Work order: Check each line of the entries for "Square" and report the ones that have it.

Material to process:
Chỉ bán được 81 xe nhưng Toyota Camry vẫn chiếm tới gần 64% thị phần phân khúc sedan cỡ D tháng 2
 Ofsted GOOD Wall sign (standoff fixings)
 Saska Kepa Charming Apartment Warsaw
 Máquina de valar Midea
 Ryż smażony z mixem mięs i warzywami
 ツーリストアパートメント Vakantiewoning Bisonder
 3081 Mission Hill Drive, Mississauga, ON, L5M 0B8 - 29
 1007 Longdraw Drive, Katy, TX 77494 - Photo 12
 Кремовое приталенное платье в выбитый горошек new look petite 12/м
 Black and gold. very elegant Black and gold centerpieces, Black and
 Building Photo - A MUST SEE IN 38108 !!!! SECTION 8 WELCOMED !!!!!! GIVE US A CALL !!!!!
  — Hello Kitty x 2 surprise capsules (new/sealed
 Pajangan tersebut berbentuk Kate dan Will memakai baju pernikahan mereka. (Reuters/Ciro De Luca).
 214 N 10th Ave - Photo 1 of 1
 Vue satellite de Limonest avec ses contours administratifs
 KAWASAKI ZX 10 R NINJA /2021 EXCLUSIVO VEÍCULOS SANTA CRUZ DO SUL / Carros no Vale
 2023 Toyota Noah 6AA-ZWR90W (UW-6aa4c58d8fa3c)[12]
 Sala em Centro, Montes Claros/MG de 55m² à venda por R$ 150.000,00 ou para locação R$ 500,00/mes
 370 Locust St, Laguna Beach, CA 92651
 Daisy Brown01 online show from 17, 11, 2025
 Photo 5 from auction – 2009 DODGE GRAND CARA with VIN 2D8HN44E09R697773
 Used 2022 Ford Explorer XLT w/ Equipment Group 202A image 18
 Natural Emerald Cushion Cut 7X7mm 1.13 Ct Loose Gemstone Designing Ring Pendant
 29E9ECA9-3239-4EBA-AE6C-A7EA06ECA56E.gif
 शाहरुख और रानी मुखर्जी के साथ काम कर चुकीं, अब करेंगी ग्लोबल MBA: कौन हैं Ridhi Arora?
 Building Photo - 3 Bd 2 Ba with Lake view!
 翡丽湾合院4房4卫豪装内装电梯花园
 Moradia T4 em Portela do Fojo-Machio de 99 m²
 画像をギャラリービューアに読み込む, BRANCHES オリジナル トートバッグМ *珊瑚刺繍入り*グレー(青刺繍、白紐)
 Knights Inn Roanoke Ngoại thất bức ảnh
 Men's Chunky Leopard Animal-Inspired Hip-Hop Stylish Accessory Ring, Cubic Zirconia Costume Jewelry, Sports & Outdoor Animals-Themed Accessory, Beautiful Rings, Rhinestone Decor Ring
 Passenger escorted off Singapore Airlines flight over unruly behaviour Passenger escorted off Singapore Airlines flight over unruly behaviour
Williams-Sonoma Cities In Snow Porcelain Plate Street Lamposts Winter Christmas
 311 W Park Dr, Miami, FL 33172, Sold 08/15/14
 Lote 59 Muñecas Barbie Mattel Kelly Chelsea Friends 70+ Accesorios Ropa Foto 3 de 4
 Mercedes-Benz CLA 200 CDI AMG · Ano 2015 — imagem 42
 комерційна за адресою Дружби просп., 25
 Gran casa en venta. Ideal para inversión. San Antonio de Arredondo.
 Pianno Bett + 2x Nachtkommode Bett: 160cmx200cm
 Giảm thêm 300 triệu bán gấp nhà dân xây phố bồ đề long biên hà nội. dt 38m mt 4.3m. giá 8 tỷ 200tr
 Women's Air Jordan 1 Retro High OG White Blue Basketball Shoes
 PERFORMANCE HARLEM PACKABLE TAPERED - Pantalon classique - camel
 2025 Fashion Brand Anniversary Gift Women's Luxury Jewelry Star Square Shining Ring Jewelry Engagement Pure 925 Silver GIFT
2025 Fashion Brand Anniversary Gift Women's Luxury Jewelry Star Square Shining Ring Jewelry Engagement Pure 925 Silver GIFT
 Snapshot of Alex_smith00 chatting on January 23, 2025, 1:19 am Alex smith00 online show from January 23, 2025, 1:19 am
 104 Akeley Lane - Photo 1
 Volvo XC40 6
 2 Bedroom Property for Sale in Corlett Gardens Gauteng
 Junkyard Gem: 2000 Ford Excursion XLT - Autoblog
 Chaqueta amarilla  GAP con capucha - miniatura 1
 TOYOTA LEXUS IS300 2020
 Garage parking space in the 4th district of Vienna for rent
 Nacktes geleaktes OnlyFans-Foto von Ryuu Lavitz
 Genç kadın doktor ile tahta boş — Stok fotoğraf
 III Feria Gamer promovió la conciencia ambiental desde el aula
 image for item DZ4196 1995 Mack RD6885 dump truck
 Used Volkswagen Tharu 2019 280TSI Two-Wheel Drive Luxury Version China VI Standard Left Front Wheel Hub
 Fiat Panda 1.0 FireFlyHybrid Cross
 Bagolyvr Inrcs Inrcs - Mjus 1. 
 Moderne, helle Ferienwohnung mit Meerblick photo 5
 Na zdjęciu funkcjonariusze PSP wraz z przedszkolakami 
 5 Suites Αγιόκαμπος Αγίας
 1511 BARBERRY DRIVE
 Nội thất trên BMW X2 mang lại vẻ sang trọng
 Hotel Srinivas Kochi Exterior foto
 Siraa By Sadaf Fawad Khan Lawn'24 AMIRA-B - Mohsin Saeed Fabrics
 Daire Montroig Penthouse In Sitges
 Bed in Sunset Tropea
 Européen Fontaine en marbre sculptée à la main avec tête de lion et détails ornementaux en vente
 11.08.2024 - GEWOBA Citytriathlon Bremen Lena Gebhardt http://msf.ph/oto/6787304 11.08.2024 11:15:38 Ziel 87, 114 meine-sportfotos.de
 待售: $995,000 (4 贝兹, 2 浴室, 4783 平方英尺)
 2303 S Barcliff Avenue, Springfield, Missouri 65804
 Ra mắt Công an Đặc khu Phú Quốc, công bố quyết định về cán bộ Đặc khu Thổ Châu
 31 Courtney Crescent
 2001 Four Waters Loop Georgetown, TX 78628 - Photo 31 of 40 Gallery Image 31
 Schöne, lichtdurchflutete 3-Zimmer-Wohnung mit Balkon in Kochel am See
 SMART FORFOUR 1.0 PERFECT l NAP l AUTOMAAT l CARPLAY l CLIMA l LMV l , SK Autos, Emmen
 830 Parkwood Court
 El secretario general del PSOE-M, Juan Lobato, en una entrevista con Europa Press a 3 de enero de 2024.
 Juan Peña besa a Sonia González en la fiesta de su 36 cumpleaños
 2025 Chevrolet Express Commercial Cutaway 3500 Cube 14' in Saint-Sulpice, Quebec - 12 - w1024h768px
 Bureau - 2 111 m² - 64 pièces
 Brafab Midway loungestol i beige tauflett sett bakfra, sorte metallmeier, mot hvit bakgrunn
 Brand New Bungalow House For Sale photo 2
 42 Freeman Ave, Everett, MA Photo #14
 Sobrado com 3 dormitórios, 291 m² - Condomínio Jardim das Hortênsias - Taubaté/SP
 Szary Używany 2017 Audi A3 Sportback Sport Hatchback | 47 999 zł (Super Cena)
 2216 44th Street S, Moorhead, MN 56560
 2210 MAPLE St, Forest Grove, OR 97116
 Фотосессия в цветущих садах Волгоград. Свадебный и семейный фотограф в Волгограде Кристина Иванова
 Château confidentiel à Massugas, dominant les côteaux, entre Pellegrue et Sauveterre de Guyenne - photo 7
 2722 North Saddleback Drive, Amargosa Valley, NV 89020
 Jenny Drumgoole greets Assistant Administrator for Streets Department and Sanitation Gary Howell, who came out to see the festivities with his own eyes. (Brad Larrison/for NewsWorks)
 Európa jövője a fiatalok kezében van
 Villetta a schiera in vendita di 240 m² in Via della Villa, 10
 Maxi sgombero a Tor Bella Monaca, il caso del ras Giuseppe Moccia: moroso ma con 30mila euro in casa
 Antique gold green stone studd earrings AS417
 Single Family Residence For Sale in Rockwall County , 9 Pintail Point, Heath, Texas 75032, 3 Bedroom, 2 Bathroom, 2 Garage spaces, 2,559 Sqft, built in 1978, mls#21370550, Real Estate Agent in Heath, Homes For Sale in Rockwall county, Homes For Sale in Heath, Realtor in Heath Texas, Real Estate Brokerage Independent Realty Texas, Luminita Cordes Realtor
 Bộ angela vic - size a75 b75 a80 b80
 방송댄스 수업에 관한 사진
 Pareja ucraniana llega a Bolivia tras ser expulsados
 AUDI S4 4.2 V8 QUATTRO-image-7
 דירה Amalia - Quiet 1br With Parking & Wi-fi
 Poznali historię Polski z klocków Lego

Response:
 2025 Fashion Brand Anniversary Gift Women's Luxury Jewelry Star Square Shining Ring Jewelry Engagement Pure 925 Silver GIFT
2025 Fashion Brand Anniversary Gift Women's Luxury Jewelry Star Square Shining Ring Jewelry Engagement Pure 925 Silver GIFT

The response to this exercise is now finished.